[[ DATA FOR ANALYSIS open ]]
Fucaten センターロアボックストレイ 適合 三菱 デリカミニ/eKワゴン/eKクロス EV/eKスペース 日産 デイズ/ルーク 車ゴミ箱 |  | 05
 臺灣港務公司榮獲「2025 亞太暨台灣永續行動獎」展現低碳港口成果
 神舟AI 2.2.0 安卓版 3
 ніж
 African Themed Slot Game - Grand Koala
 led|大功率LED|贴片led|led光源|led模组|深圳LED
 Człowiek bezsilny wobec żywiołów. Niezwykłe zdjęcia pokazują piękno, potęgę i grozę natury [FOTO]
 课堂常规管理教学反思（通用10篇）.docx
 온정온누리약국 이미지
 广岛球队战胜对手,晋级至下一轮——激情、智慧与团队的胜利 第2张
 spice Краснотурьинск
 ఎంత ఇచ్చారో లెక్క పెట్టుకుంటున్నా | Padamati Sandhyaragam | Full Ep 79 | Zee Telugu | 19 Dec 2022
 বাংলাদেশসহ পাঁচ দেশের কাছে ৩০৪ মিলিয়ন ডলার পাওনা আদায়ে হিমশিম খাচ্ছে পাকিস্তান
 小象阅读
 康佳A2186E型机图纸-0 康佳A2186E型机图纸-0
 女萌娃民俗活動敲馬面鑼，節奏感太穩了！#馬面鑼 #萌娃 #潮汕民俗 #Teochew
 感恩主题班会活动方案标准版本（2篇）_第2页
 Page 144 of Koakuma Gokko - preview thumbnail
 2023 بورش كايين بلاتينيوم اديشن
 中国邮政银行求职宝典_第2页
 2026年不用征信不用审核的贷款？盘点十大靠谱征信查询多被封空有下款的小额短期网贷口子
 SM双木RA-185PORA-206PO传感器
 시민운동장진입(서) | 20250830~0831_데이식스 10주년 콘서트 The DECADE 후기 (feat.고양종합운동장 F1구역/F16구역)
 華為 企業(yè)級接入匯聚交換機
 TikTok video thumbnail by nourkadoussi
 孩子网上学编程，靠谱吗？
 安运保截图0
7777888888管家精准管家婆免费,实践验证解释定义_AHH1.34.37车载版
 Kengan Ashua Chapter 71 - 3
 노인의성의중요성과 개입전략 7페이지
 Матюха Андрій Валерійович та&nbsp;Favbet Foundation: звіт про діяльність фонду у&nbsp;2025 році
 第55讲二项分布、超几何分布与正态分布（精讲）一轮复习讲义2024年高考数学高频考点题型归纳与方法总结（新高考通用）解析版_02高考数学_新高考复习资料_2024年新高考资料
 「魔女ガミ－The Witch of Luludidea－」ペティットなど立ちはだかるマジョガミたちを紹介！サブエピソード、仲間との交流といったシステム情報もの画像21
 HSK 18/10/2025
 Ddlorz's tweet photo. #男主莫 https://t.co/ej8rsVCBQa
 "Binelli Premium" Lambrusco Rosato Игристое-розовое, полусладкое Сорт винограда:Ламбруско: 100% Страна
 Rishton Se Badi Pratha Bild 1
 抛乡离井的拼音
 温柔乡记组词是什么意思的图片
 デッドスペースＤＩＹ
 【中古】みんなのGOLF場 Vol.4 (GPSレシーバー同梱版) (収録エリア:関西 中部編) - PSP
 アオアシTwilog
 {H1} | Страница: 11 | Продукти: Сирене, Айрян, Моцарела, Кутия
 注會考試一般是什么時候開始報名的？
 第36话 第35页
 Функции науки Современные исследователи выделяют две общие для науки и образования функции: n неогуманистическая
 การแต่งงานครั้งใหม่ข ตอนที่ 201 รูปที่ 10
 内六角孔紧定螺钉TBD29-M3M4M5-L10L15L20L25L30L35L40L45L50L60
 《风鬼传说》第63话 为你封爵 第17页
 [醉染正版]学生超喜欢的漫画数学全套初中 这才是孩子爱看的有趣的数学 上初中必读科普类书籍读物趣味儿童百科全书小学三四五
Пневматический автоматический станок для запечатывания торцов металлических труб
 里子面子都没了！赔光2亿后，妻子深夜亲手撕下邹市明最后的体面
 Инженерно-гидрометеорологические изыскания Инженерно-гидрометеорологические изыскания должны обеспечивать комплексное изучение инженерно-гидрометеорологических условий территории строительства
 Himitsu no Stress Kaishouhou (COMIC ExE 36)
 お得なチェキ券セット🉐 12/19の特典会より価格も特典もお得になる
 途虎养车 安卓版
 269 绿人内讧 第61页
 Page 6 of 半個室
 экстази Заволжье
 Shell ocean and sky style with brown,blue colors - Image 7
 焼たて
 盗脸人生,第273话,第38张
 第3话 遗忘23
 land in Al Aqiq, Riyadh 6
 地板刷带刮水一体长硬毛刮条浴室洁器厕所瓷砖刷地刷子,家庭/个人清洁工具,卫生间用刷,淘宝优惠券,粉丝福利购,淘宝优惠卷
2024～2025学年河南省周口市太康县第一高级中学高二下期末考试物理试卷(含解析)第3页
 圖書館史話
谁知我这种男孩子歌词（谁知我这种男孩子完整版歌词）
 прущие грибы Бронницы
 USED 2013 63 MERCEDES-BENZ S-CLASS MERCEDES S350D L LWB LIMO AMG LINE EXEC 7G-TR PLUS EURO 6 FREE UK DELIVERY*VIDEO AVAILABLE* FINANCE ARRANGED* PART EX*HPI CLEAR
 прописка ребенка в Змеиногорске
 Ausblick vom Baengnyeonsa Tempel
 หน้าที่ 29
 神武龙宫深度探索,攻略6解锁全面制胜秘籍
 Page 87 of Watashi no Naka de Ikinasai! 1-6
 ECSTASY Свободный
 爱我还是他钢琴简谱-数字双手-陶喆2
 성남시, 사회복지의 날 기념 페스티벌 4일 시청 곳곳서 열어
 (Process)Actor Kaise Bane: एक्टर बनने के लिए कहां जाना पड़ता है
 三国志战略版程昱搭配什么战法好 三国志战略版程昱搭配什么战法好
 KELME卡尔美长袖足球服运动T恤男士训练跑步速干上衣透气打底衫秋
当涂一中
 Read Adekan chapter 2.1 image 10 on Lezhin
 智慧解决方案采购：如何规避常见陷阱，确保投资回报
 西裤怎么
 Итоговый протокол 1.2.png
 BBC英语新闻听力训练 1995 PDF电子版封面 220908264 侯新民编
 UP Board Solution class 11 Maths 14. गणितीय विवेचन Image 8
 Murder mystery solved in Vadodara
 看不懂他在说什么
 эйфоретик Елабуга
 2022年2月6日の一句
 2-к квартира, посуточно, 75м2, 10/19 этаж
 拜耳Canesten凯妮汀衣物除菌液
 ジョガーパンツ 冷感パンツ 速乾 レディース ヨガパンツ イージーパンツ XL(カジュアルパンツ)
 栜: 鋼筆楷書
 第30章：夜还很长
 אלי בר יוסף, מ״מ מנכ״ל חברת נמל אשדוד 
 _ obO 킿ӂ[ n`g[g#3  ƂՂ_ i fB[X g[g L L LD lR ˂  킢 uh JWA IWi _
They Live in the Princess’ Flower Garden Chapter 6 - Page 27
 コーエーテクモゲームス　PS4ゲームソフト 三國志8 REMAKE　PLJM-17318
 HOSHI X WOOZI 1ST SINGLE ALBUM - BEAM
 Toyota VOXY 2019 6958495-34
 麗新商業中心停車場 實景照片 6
[[ DATA FOR ANALYSIS closed ]]
WORK TASK
Each line above that has the word "thumbnail" should be copied.

SOLVED PROBLEM
 Page 144 of Koakuma Gokko - preview thumbnail
 TikTok video thumbnail by nourkadoussi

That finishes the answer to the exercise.